Nos seus percursos, eles precisam transpor o Estreito de Bab-el-Mandeb – “o Portão das Lágrimas”, com uma largura de apenas 27,3 quilômetros no seu ponto mais estreito –, entre a Península Arábica e o Chifre da África. É esse ponto de estrangulamento na entrada do Mar Vermelho que é alvo do movimento Houthi, que usa radares montados nas traseiras de picapes Toyota para guiar mísseis de cruzeiro, mísseis balísticos e bombas presas em montes de drones marítimos baratos, que analistas estimam ter um custo unitário tão baixo quanto alguns poucos milhares de dólares.

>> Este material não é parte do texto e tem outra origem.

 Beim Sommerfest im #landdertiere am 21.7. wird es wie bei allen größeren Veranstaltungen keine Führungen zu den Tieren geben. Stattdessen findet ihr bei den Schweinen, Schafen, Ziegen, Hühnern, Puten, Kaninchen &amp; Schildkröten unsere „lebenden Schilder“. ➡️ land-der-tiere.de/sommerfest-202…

Em contrapartida, a Operação Prosperity Guardian, comandada pelos EUA, tem uma flotilha moderna de navios de guerra cujo objetivo é garantir a segurança do Mar Vermelho. Os EUA lançaram dezenas de mísseis de ataque terrestre Tomahawk, cada um avaliado em vários milhões de dólares, desde submarinos da classe Ohio ou desde cruzadores e destróieres de mísseis guiados, junto com o porta-aviões USS Dwight D. Eisenhower e seus esquadrões de caças liderados pelos F/A-18. A Real Força Aérea Britânica usou jatos Typhoon para jogar bombas guiadas por laser no que alegou serem instalações de comando do lado de fora do principal aeroporto internacional do Iêmen. Os EUA também enviaram helicópteros da Marinha para os céus do Iêmen, juntamente com drones MQ-9 reaper, um dos quais foi abatido pelos houthis com um míssil terra-ar.

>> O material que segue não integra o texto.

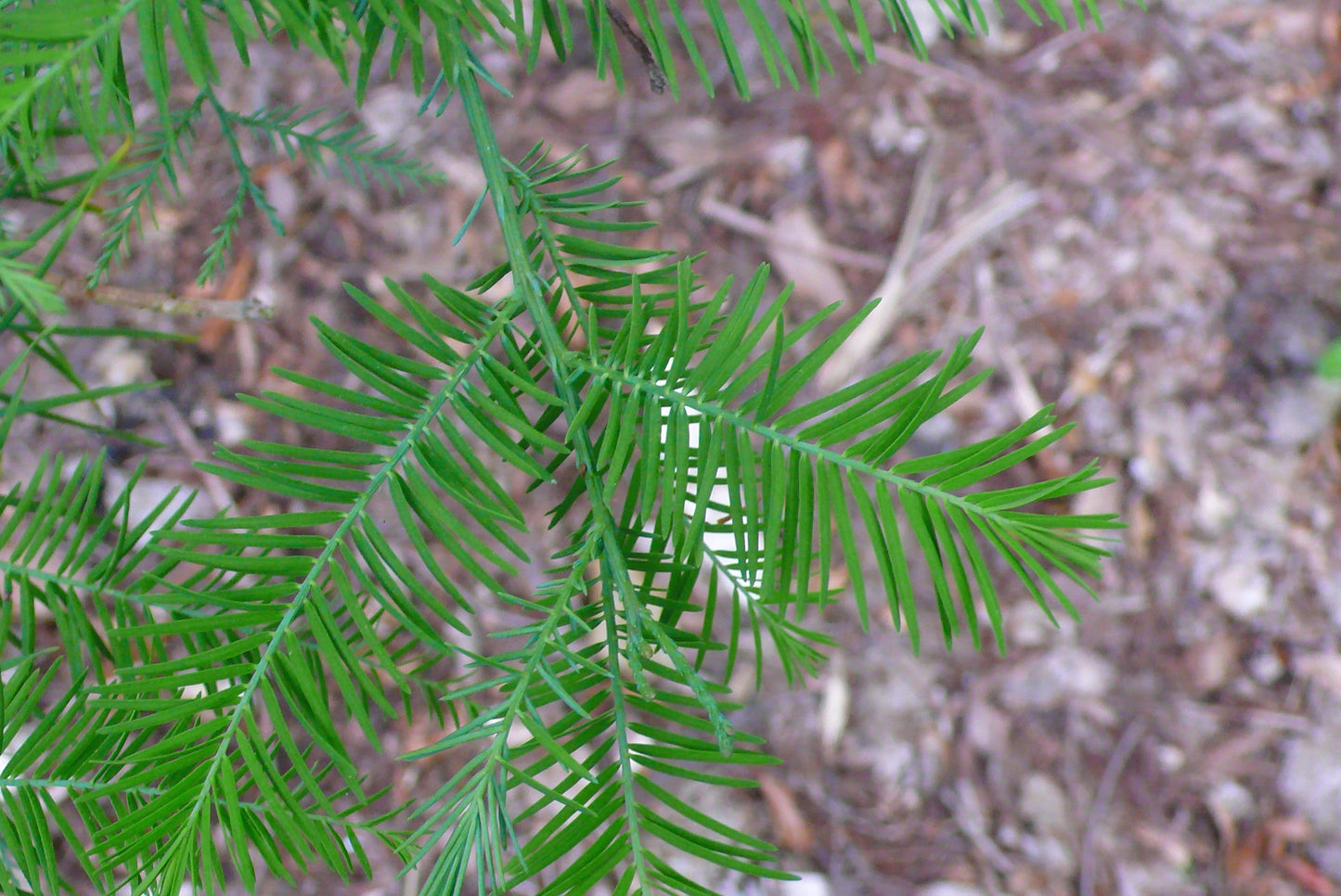 Chinese Swamp Cypress 10 Seeds Glyptostrobus pensilis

Essa demonstração de poder de fogo americano exauriu o estoque de mísseis da Marinha. Em um único dia deste ano, a Marinha disparou mais Tomahawks contra o que acreditava serem depósitos de munição e locais de lançamento de mísseis dos houthis do que adquiriu em todo o ano de 2023.

As seguradoras se preocupam ainda com o fato de que os rebeldes precisam atingir apenas um navio para acarretar indenizações que podem chegar a centenas de milhões de dólares. Os aumentos das taxas de seguro por guerra têm sido grandes o suficiente para levar os navios que navegam entre a Ásia e a Europa a fazerem um desvio de 16 mil quilômetros ao redor do continente africano. O tempo adicional e os custos com combustível desorganizaram cadeias de fornecimento que estavam ajustadas cuidadosamente.

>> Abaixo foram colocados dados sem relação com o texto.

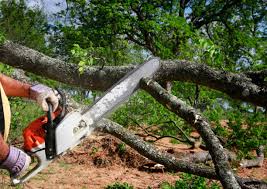 Best Commercial Tree Services  in Abernathy, TX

Um número cada vez menor de empresas de transporte marítimo de carga simplesmente tenta a sorte – elas põem em perigo o navio, a tripulação e a carga para economizar combustível e tempo, algumas vezes oferecendo a seus marinheiros mal pagos um bônus modesto por aceitarem o risco.

O Rubymar era um desses navios. Se conseguisse atravessar o Mar Vermelho incólume, traçaria uma rota para as empresas de transporte de carga que estão na delicada base da pirâmide econômica – aqueles que transportam mercadorias perecíveis ou baratas demais para justificarem um desvio custoso ao redor da África. O navio já fizera esse tipo de aposta perigosa antes, pois foi um dos poucos a transportar trigo da Ucrânia durante o primeiro ano da invasão russa.

Desta vez, o desafortunado graneleiro serviu como um teste piloto para saber até que ponto o poder naval dos EUA pode garantir a segurança dos mares. Para seguir sua jornada pelas águas ameaçadas pelos houthis, o “Wall Street Journal” conversou com cinco membros da tripulação e oficiais do navio, teve acesso a um diário de bordo manuscrito, gravações de pedidos de socorro por rádio marítimo e fotos e vídeos do ataque, entrevistou autoridades do Departamento de Defesa dos EUA e do governo de Sanaa, controlado pelos houthis, e consultou especialistas marítimos e historiadores.

“Foi um dia terrível”, disse o capitão Samer Hejazi. “Ainda me surpreendo por estar vivo.” No dia 2, abandonado pela tripulação e sem condições de ser rebocado, o Rubymar foi a pique no Golfo de Áden — e se tornou o primeiro navio afundado na campanha dos houthis.